### [INSTRUCTIONS TO FOLLOW]
Some entries follow. Reproduce exactly the lines starting at the one with "Alright, so as" and stopping after the one with "At completion of".

### [DATASET RECORDS]

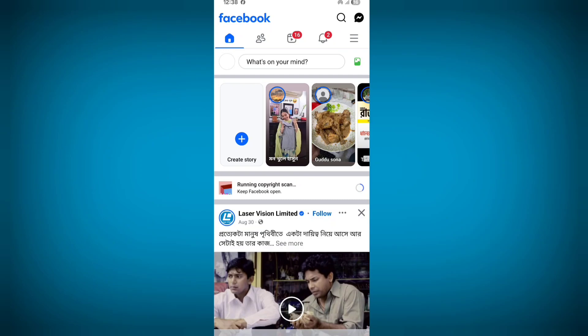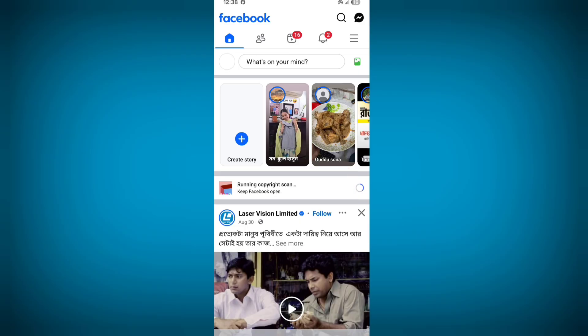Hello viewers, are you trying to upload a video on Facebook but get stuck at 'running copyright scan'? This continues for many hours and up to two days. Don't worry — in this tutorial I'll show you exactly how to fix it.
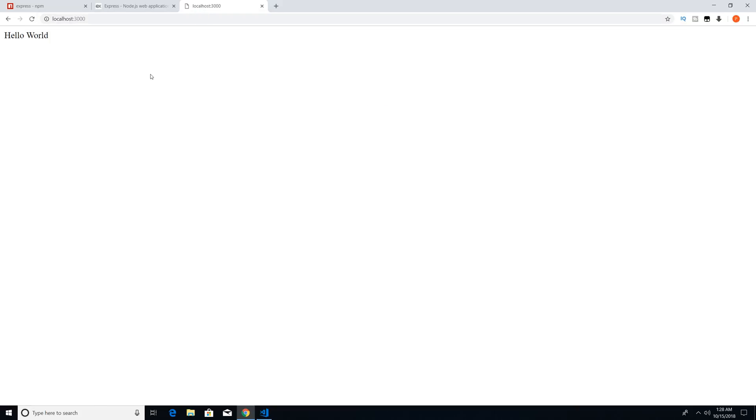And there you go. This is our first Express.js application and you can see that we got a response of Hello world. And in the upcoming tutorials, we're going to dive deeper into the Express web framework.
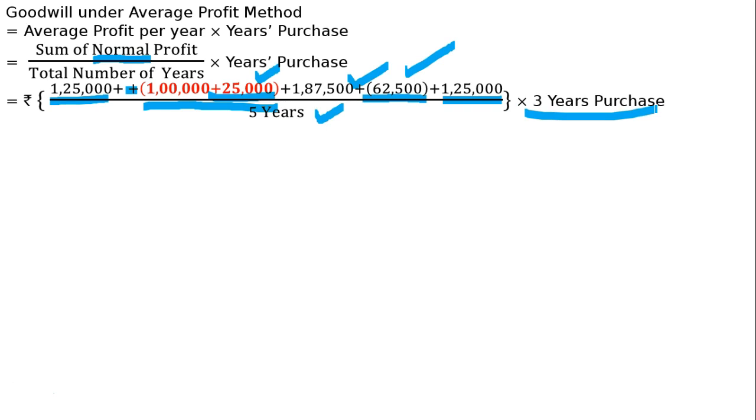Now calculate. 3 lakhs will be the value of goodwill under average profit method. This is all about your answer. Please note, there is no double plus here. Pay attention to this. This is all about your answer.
...
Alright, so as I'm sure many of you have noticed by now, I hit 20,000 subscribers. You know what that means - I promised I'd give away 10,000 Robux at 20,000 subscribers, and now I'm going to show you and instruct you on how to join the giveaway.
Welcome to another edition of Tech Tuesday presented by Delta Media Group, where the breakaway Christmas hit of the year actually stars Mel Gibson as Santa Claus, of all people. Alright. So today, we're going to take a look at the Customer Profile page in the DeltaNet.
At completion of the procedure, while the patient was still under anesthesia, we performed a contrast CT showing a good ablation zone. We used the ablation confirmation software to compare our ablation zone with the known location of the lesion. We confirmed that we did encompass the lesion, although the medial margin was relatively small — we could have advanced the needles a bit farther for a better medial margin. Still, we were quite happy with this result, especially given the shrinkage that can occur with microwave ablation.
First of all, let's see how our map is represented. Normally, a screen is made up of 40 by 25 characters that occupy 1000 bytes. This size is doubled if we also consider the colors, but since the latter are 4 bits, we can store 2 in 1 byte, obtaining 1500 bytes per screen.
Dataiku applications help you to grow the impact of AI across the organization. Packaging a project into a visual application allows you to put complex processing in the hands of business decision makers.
...
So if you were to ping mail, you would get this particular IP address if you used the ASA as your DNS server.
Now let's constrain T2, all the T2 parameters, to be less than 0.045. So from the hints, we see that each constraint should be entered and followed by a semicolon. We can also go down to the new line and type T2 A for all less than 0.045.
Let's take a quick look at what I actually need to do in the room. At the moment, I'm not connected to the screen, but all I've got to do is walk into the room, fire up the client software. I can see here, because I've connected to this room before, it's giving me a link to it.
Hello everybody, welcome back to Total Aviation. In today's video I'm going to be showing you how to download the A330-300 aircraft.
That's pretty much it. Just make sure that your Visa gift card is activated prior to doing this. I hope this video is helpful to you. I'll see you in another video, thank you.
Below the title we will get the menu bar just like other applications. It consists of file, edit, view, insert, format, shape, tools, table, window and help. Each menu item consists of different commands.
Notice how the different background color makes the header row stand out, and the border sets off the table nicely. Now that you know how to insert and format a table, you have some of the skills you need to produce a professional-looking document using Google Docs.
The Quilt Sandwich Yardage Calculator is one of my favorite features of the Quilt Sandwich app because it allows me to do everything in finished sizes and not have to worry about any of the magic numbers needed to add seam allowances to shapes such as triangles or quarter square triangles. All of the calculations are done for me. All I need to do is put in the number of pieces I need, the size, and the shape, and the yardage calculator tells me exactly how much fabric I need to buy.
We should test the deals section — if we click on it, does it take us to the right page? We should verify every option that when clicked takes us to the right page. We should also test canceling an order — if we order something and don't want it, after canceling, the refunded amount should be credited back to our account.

### [RESULT OF THIS EXERCISE]
Alright, so as I'm sure many of you have noticed by now, I hit 20,000 subscribers. You know what that means - I promised I'd give away 10,000 Robux at 20,000 subscribers, and now I'm going to show you and instruct you on how to join the giveaway.
Welcome to another edition of Tech Tuesday presented by Delta Media Group, where the breakaway Christmas hit of the year actually stars Mel Gibson as Santa Claus, of all people. Alright. So today, we're going to take a look at the Customer Profile page in the DeltaNet.
At completion of the procedure, while the patient was still under anesthesia, we performed a contrast CT showing a good ablation zone. We used the ablation confirmation software to compare our ablation zone with the known location of the lesion. We confirmed that we did encompass the lesion, although the medial margin was relatively small — we could have advanced the needles a bit farther for a better medial margin. Still, we were quite happy with this result, especially given the shrinkage that can occur with microwave ablation.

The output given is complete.